4月18日、「げんきの市場」が無農薬煎茶や和紅茶を頂いている「和茶園」の植田修代表が訪ねて来てくださいました。「和茶園」は、現在、京都府和束町(わづかちょう)で5haのお茶畑で無農薬栽培煎茶やほうじ茶、和紅茶を生産されています。
「和束町は今から800年前の鎌倉時代にまでさかのぼる宇治茶の産地で、土壌も気候にも恵まれ『茶源郷』とも呼ばれるほどに美しい山肌を覆う茶畑の景色が今も広がっています。その中で『和茶園』の茶畑は山奥の急斜面にあります。香りのいいお茶の栽培には、この『山奥の急斜面』がとても重要なのです。昼夜の温度差があり、しかも朝晩に霧がたち日光遮断がされることにより一日の日射時間が短くなります。そうした現象が起きる自然の中でしか作り出せない絶妙な条件が、実に『香りがよく美味しいお茶』を作り出します。」
さらに、茶葉の品種や栽培方法にもその美味しさへのこだわりがあります。「『和茶園』では、800年前から鎌倉時代より継承されている『在来種』の育成をしています。『在来種』には特に際立った『自然のお茶の香り』があり、人の手で工夫をしても作りだせない独特のものがあります。栽培方法でお茶の味を工夫することはできますが、 お茶の『香り』を作り出すことはできません。また、茶樹がストレスなくできるだけ『自然のまま』で育つように、 例えば、煎茶栽培においては被覆栽培(日光を遮断するために、茶樹に布を被せること)をしない栽培をしています。」
植田代表は、元々は大阪の出身で、農業とは全く無縁でした。しかし、子供の頃から農的暮らしに憧れ、高校在学中に北海道にある牧場へインターンシップに参加し、社会人生活を送った後は本場ニュージーランドで約1年ワーキングホリデーをしました。そして、ニュージーランドへの移住を決意し、その資金を稼ぐために和束町のお茶農家の手伝いに入ったのですが、そこで植田代表の人生が変わりました。「和束町のお茶農家の人たちと出会い、皆さんが自分の農業に誇りを持ち、町の文化や歴史を大切に生きる姿にふれて、自分も和束町のお茶農家として生きようと決めました」。それから12年、茶葉の一番先端の「一芯一葉」にまで届くようにと日々の茶園管理を進めながら、循環システムの役割を担うために食糧残渣の完熟堆肥を取り入れ、また、新しくウーロン茶の製造に着手するなど若き農業人としての夢を茶畑に描き続けています。

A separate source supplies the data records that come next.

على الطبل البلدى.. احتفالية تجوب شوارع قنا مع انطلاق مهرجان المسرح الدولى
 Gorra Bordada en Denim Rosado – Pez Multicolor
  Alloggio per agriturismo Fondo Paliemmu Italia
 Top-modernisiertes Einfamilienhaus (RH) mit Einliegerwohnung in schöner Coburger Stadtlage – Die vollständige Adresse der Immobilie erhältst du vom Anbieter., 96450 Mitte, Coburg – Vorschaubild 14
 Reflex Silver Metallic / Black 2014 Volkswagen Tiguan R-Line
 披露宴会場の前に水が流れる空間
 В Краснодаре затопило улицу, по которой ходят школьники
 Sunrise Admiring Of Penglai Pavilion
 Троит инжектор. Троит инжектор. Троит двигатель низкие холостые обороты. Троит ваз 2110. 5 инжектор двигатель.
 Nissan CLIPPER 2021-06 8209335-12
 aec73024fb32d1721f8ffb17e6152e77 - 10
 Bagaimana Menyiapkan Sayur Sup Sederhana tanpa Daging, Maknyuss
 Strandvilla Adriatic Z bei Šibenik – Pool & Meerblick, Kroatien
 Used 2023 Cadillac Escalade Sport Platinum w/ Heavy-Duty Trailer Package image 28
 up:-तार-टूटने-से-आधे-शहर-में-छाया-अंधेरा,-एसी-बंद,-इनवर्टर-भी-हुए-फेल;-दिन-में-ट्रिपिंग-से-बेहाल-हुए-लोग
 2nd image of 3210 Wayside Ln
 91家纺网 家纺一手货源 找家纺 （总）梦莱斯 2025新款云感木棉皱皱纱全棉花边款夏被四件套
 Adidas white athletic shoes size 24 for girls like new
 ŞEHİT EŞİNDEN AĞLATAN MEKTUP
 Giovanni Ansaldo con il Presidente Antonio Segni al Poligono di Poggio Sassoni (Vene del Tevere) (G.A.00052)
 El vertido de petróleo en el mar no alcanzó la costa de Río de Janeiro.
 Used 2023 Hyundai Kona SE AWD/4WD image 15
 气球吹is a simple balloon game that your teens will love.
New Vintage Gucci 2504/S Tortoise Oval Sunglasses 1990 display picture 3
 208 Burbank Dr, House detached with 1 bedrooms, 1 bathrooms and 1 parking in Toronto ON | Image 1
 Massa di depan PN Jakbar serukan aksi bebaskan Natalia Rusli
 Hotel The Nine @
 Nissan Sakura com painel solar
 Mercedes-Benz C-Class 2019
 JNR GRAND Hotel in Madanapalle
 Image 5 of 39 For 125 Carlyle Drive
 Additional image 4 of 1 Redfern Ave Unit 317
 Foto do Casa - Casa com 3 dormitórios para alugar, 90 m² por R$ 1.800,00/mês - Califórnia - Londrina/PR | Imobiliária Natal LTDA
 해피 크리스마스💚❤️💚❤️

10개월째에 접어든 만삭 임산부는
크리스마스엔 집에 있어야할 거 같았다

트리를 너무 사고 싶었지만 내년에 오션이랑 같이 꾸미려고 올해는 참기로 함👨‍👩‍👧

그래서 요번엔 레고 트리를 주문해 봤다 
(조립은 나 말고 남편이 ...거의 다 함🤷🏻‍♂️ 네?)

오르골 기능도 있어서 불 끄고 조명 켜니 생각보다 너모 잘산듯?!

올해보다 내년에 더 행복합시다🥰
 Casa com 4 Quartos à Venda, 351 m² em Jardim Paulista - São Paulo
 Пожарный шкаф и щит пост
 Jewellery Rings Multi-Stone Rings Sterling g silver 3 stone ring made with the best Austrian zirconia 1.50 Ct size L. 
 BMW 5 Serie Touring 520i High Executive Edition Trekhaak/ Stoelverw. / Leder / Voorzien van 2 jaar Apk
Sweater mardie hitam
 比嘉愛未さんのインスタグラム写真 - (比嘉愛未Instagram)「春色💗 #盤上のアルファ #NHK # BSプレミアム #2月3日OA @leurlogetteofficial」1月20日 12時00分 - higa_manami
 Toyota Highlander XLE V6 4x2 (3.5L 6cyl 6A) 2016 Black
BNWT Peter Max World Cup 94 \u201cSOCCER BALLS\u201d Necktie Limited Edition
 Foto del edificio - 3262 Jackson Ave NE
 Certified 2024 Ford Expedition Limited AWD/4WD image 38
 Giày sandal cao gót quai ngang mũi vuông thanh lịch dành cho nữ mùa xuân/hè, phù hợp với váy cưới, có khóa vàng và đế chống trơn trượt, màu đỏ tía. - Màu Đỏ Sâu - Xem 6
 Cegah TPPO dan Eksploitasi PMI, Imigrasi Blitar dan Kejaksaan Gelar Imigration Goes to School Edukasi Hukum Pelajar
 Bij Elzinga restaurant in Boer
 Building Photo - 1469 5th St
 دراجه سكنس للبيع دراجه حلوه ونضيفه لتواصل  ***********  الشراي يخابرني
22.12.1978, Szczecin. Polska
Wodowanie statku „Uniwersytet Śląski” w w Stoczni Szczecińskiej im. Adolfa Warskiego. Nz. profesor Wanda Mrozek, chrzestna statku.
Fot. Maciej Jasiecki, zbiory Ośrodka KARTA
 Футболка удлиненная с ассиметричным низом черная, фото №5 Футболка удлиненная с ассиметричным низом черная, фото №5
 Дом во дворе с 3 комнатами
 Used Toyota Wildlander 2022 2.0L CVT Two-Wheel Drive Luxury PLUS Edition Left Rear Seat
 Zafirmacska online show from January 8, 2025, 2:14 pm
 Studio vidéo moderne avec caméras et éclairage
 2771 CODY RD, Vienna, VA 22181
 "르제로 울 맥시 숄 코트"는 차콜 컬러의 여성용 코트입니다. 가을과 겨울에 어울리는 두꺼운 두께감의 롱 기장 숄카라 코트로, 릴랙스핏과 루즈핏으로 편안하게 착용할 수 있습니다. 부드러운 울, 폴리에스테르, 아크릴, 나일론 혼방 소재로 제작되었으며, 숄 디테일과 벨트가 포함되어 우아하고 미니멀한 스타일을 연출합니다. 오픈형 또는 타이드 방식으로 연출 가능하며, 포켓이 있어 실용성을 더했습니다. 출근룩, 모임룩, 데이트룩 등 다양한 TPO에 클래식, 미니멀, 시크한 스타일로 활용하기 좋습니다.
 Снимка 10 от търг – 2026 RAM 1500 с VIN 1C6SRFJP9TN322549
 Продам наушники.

最後に植田代表に夏場のお茶の楽しみ方をお伺いすると、水出し茶の作り方を教えていただきました。「水1Ⅼに茶葉を10~15g入れて4~6時間水出し(出来れば蒸留水や天然水)で飲んでください。茶葉は煎茶でも、ほうじ茶でも、和紅茶でも何でもOKです。水出しをすることで苦みが抑えられ甘みが引き立ちます。作ったらそれを一日で飲み干してください」との事でした。
「本当は危ない国産食品」(新潮新書)の著者でノンフェクション作家の奥野修二氏は、お茶には200種類以上の農薬が認可され、日本のペットボトルのお茶からはEUやカナダ、韓国、台湾では検疫で通らない程の数値の残留農薬が検出されている事実を告発しています。それならば今年の夏は定番の麦茶以外にも、ステンレスボトルに「和茶園」の水出しお茶の携帯はいかがでしょうか?